## Task instructions:
Leaving out any pictures, print the entries that follow exactly as they stand.

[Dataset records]
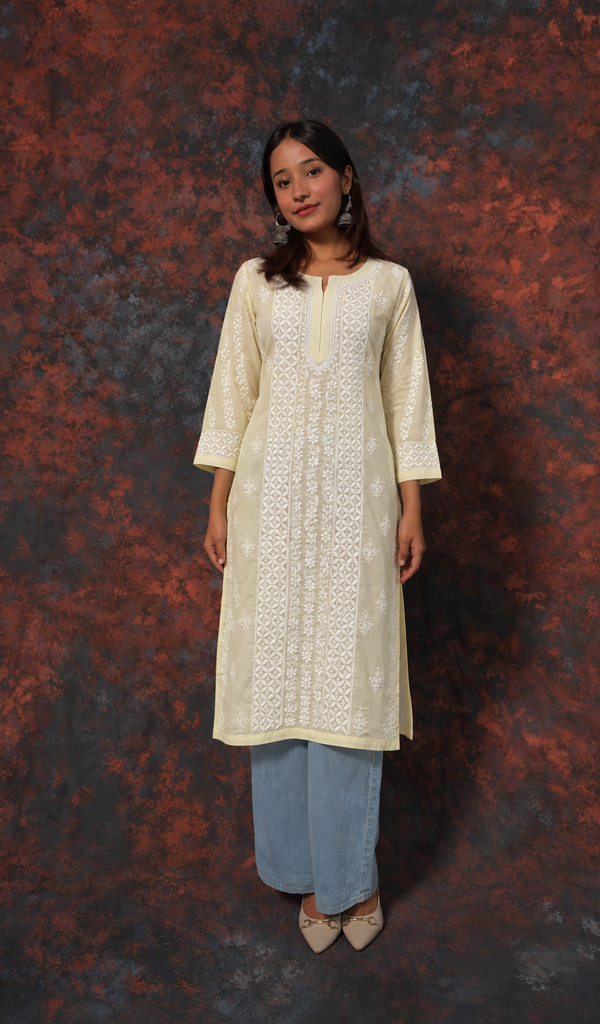 Jubina Women's Lucknowi Handcrafted Cotton Chikankari Kurti - HONC0164335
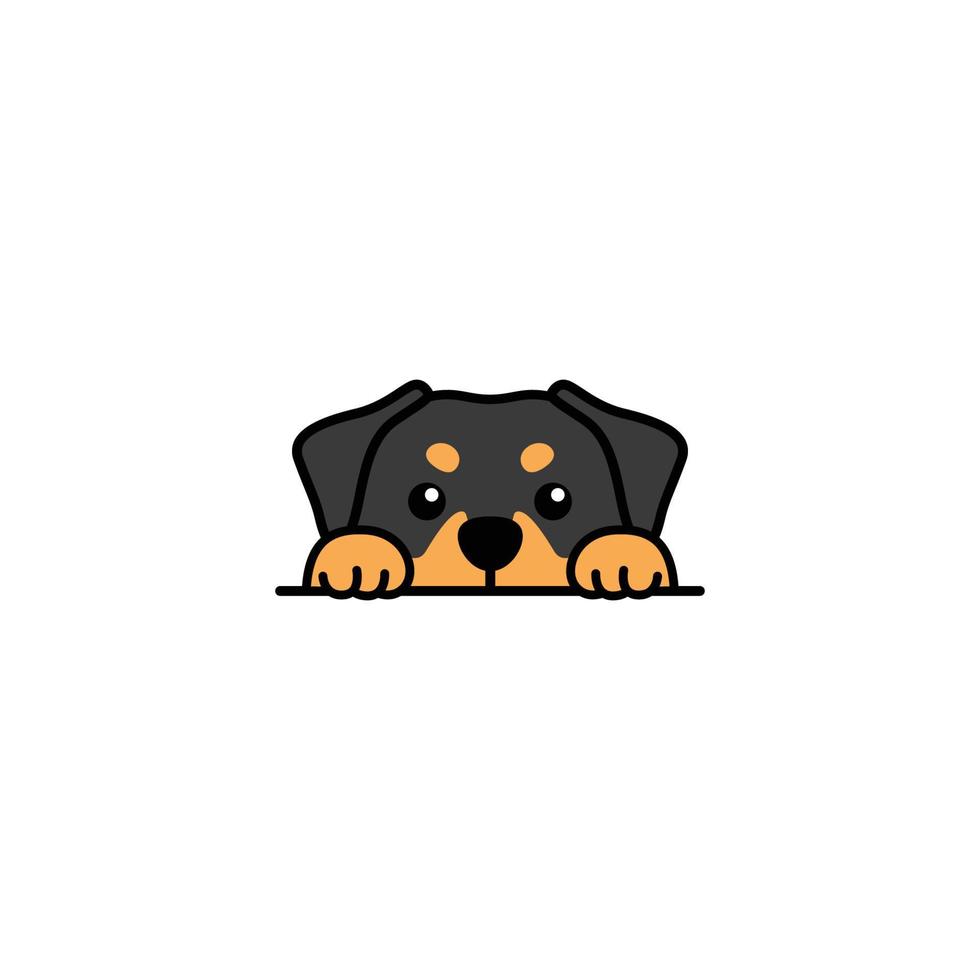 carino rottweiler cucciolo sbirciando cartone animato, vettore illustrazione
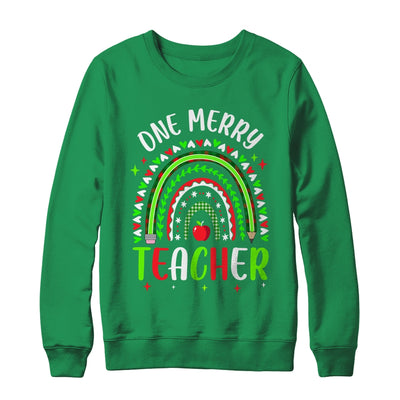 One Merry Teacher Christmas Rainbow Leopard Buffalo Plaid Shirt & Sweatshirt | teecentury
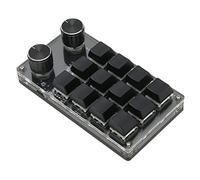 Lazmin112 Mini Teclado USB, Teclado Mecánico con Interruptor Azul con una Sola Mano, Teclado Macro Programable USB con Cable con 12 Teclas y 2 Perillas, Luz RGB, para Office Gamer Designer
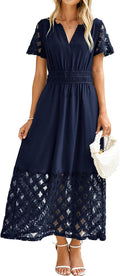 Simplee Womens 2025 Summer Boho Maxi Dress V Neck - Flowy & Modest
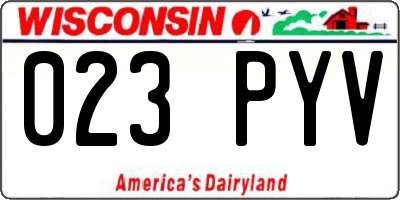 WI license plate 023PYV
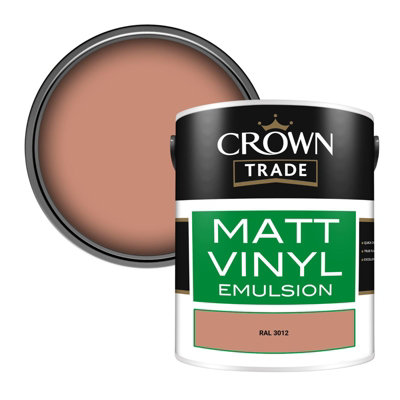Crown Trade Vinyl Matt Walls & Ceilings Emulsion Paint Ral 3012 (3012) 5L from B&Q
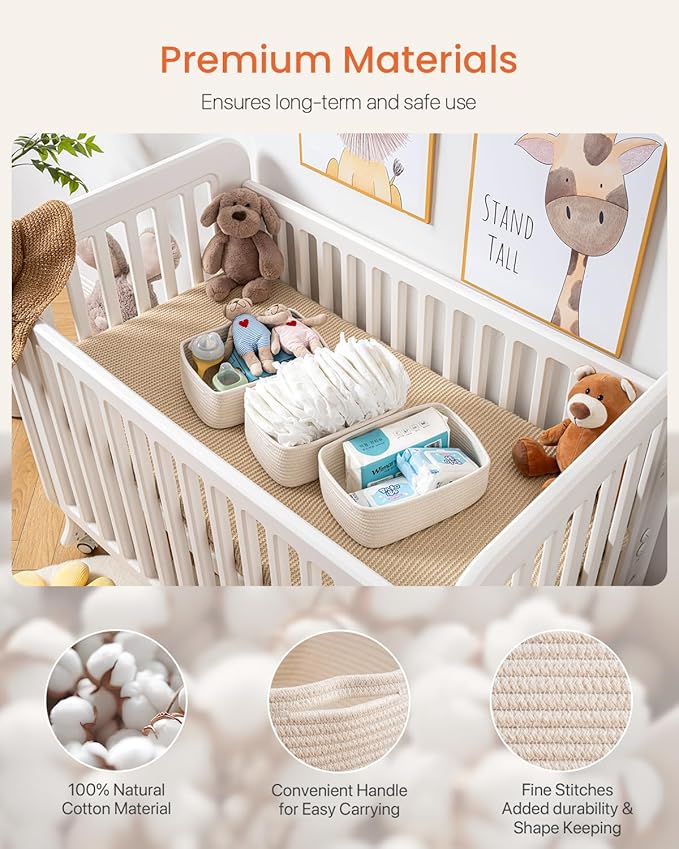KALLAX Small Woven Basket, 12 x 8 x 4.5 Inches, Storage Basket for Organizing, Cute Small Rope Shelf Closet Cube Storage Bins Baskets for Shelves, Dog Toy Gift Baskets Empty, 3 Packs, Off White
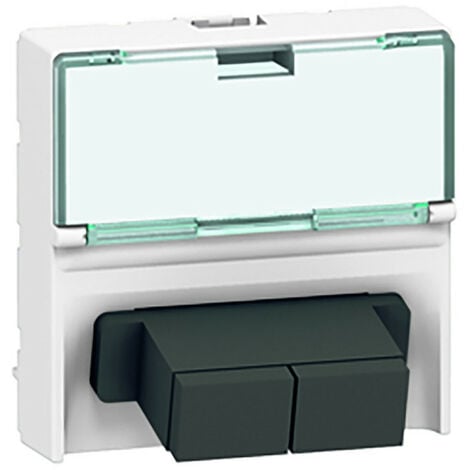 Prise traversée fibre optique 2xSC Mosaic 2 modules avec porte repère transparent et connexion push pull blanc (078617)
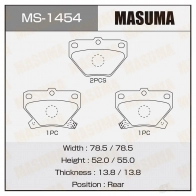 Колодки тормозные дисковые MASUMA 1420576945 4560116001454 MS-1454 W6Z0 FB
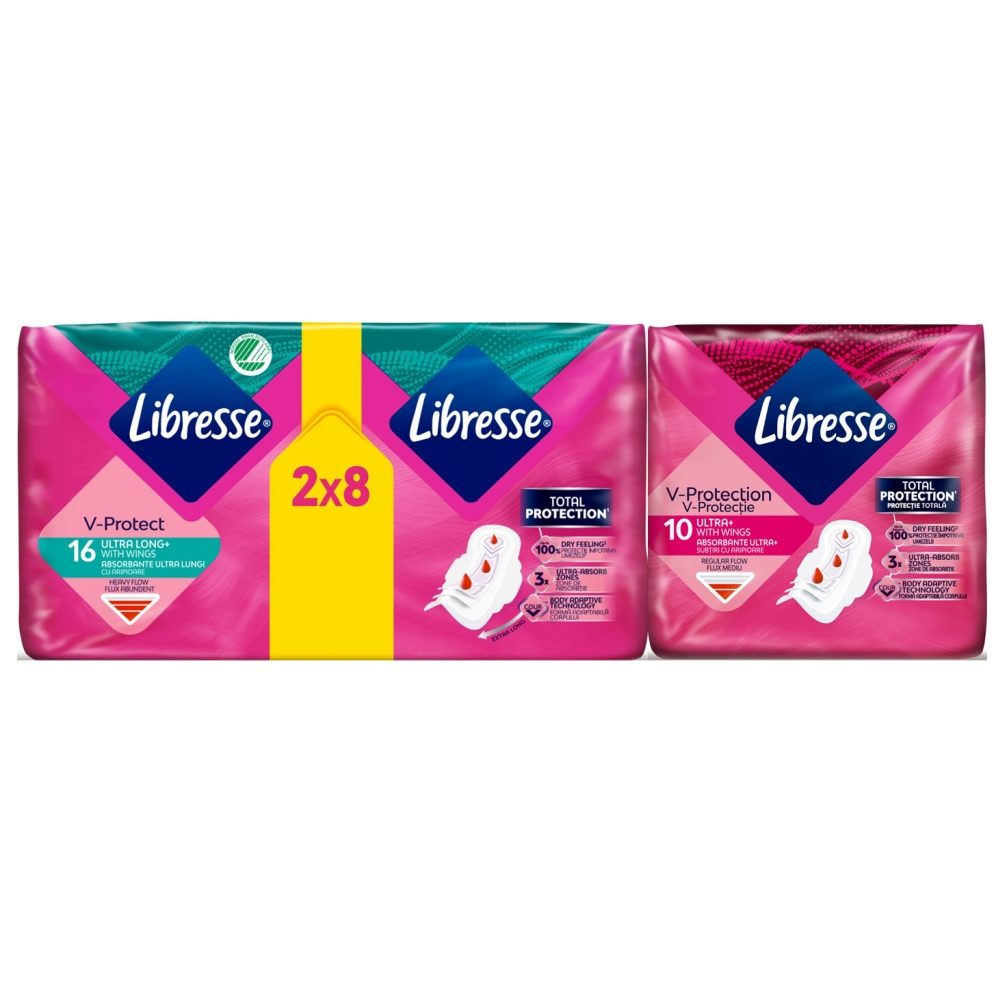 Absorbante, Libresse, 16 buc Freshness Protection Ultra Long, 10 buc Natural Protection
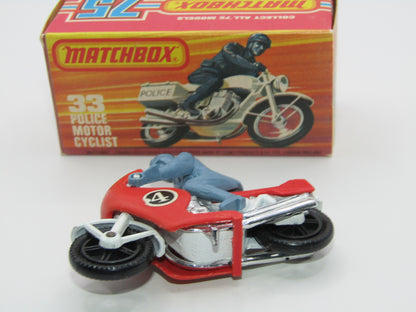 Matchbox Superfast 33C Police Motorcyclist Red Airscreen 4 Label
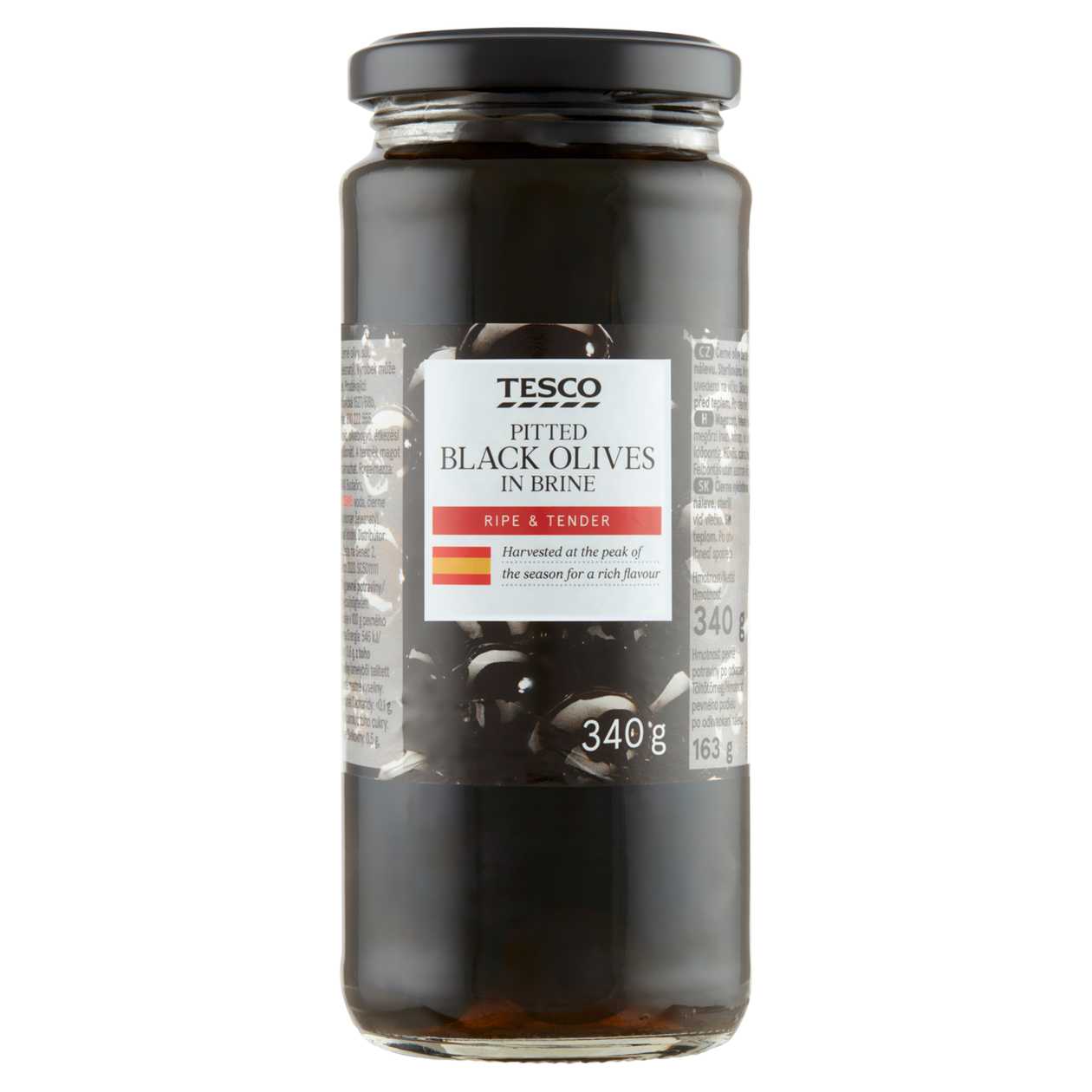 Tesco Černé olivy bez pecky ve slaném nálevu 340g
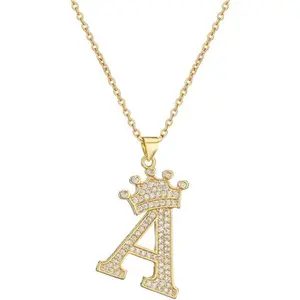 A-Z Crown Initial Necklace for Men Women  Plated Iced Out Monogram Pendant with 18"Chain+2"(Extended) DIY Name Jewelry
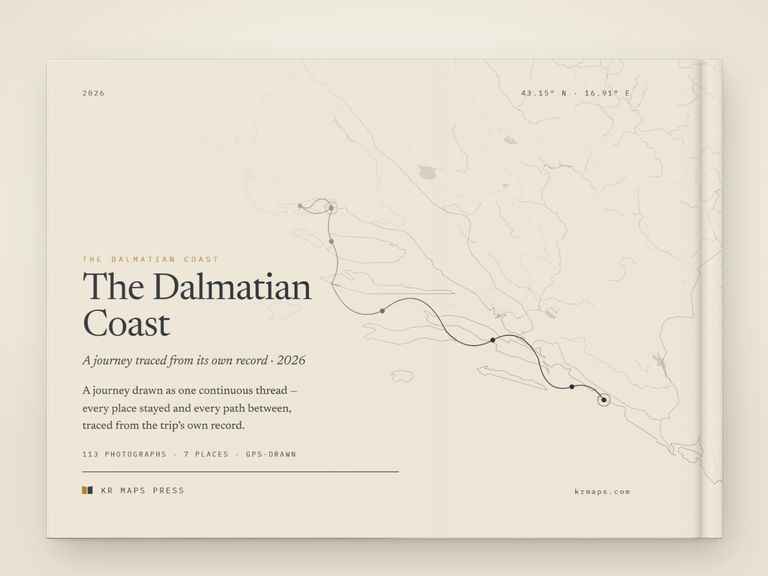 Fine line &mdash; an A4 landscape Travel Book back cover, the route drawn from a real trip's record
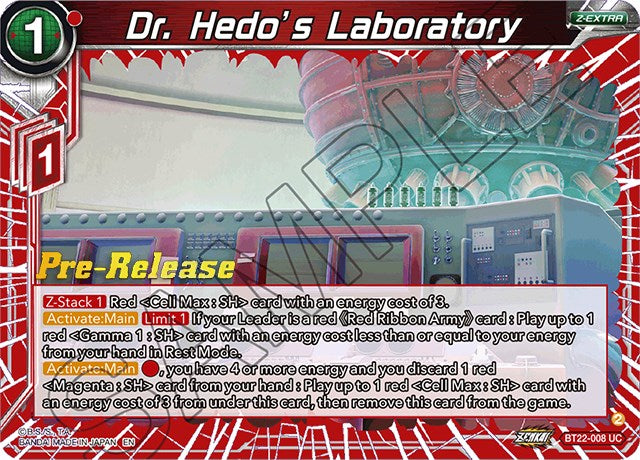 Dr. Hedo's Laboratory (BT22-008) [Critical Blow Prerelease Promos] | North Valley Games
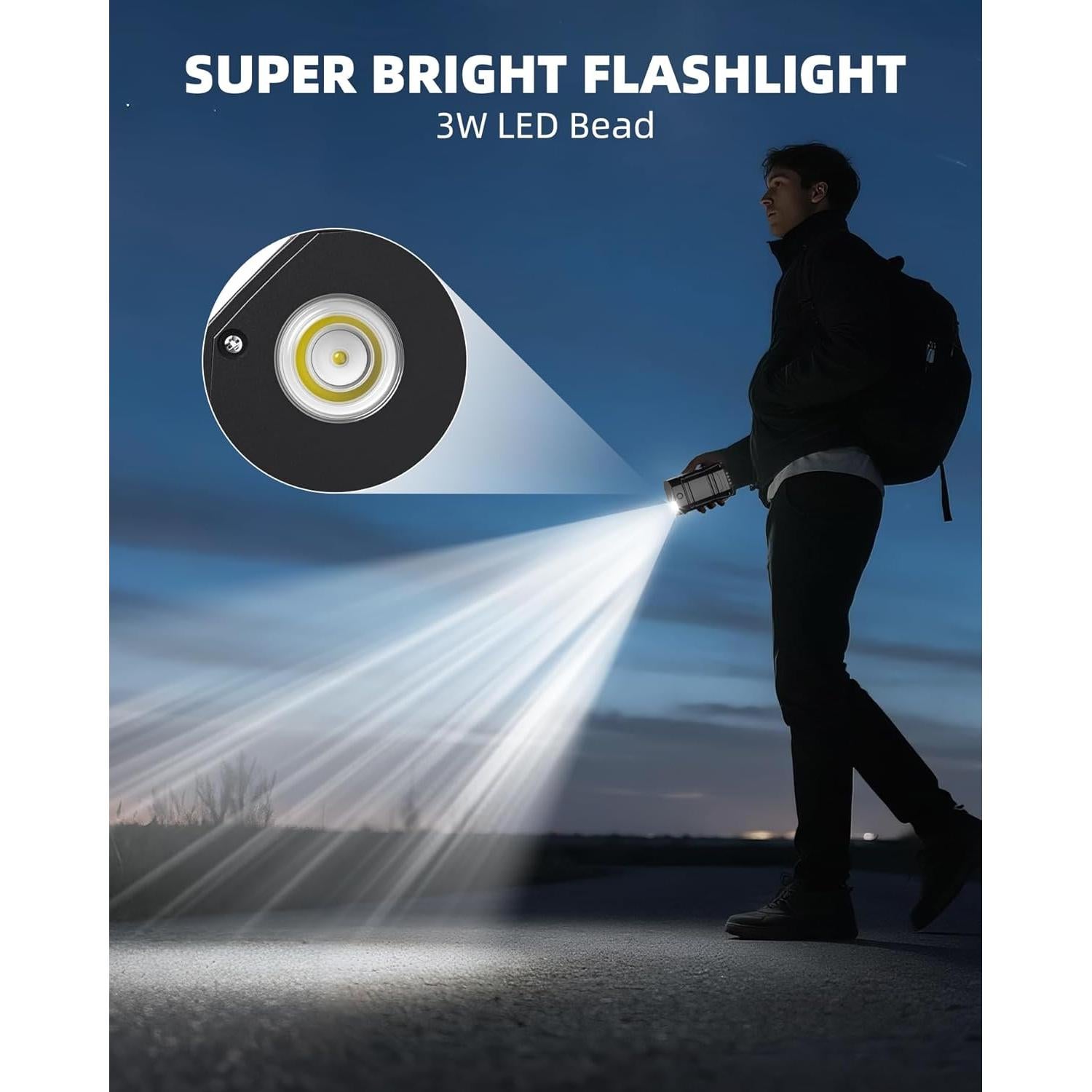 Paquete de 4 Linternas Solares Camping Wismco 1600mAh LED 30h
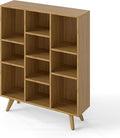 Manora Bookshelf with 10 Open Storage Cubes, Wooden Bookcase Organizer, Rustic Modern Display Shelf for Living Room, Bedroom, Office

## Response:
 Jubina Women's Lucknowi Handcrafted Cotton Chikankari Kurti - HONC0164335
 carino rottweiler cucciolo sbirciando cartone animato, vettore illustrazione
 One Merry Teacher Christmas Rainbow Leopard Buffalo Plaid Shirt & Sweatshirt | teecentury
 Lazmin112 Mini Teclado USB, Teclado Mecánico con Interruptor Azul con una Sola Mano, Teclado Macro Programable USB con Cable con 12 Teclas y 2 Perillas, Luz RGB, para Office Gamer Designer
 Simplee Womens 2025 Summer Boho Maxi Dress V Neck - Flowy & Modest
 WI license plate 023PYV
Crown Trade Vinyl Matt Walls & Ceilings Emulsion Paint Ral 3012 (3012) 5L from B&Q
KALLAX Small Woven Basket, 12 x 8 x 4.5 Inches, Storage Basket for Organizing, Cute Small Rope Shelf Closet Cube Storage Bins Baskets for Shelves, Dog Toy Gift Baskets Empty, 3 Packs, Off White
 Prise traversée fibre optique 2xSC Mosaic 2 modules avec porte repère transparent et connexion push pull blanc (078617)
 Колодки тормозные дисковые MASUMA 1420576945 4560116001454 MS-1454 W6Z0 FB
 Absorbante, Libresse, 16 buc Freshness Protection Ultra Long, 10 buc Natural Protection
 Matchbox Superfast 33C Police Motorcyclist Red Airscreen 4 Label
 Tesco Černé olivy bez pecky ve slaném nálevu 340g
 A-Z Crown Initial Necklace for Men Women  Plated Iced Out Monogram Pendant with 18"Chain+2"(Extended) DIY Name Jewelry
 Fine line &mdash; an A4 landscape Travel Book back cover, the route drawn from a real trip's record
 Dr. Hedo's Laboratory (BT22-008) [Critical Blow Prerelease Promos] | North Valley Games
 Paquete de 4 Linternas Solares Camping Wismco 1600mAh LED 30h
 Manora Bookshelf with 10 Open Storage Cubes, Wooden Bookcase Organizer, Rustic Modern Display Shelf for Living Room, Bedroom, Office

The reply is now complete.